Cisco Systems Inc., the biggest maker of the equipment that’s the backbone of the internet, projected sales and profit that indicate corporate spending on technology hardware is slowing.
Profit before certain costs in the period that ends in January will be 55 cents to 57 cents a share and revenue may decline as much as 4%, the company said. Analysts projected profit of 59 cents a share and a 2% increase in sales to $12.1 billion, according to data compiled by Bloomberg.
The forecast signals the difficulties facing CEO Chuck Robbins as he seeks to recast Cisco as a provider of networking services amid tightening corporate purchasing. With switching and routing still providing the biggest chunk of its sales, Robbins is struggling to show growth as customers move away from the mix of fixed hardware and closed software that helped the company become dominant.
“When you have more economic uncertainty enterprises tend not to spend,” said David Heger, an analyst at Edward Jones. The new businesses’ contribution is “still not big enough and the transition can’t move enough relative to the overall business.”
Cisco shares declined as much as 5.4% in extended trading following the announcement. The stock had gained 16% this year to $31.57 at the close in New York.
In the first quarter, which ended Oct. 29, Cisco’s net income was $2.3 billion, or 46 cents a share, from $2.4 billion, or 48 cents, a year earlier, the San Jose, California-based company said in a statement. Sales rose 1 percent to $12.4 billion. Excluding some costs, profit was 61 cents a share, compared with analysts’ estimate of profit of 59 cents on revenue of $12.3 billion.
Sales in Cisco’s biggest business, switching, declined 7% to $3.7 billion from a year earlier. Routing, the second-biggest unit, was a stand out with a revenue increase of 6 percent to $2.09 billion.
Highlighting Robbins’ task, revenue growth has dried up since 2010 when Cisco reported a 19% increase. For the second quarter, the company projected sales will decline to a range of $11.36 billion to $11.6 billion, based on adjusted revenue of $11.83 billion in the quarter a year earlier.

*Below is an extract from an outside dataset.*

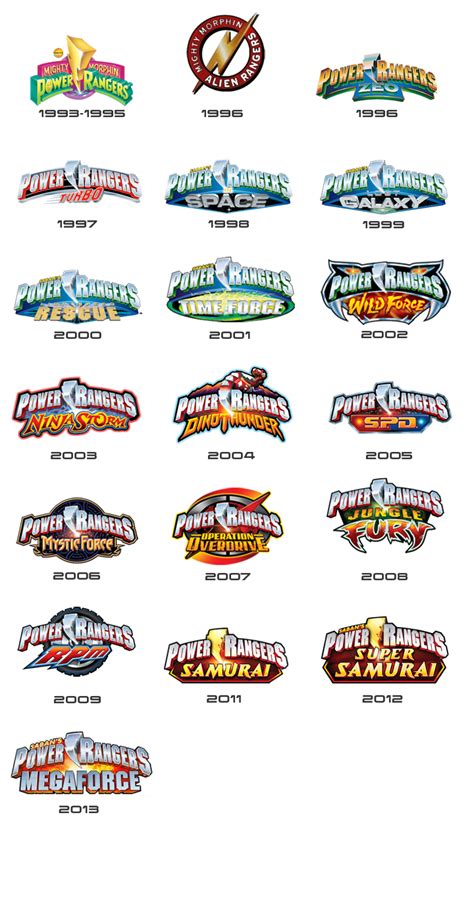 20th Anniversary of #PowerRangers in USA! Complete 19 logo of the ...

Some investors no longer expect top-line expansion from the company and are holding the stock based on its ability to generate cash and return that to investors. Cisco’s backers also like its ability to maintain high-levels of profitability, even amid more difficult market conditions, said Brian White, an analyst at Drexel Hamilton
They’re also looking forward to a possible lower tax rate on repatriating overseas corporate earnings, he said. That would give Cisco the opportunity to bring home more than $50 billion it has parked outside of the U.S., White said. That cash influx would help boost dividend payments and stock repurchases.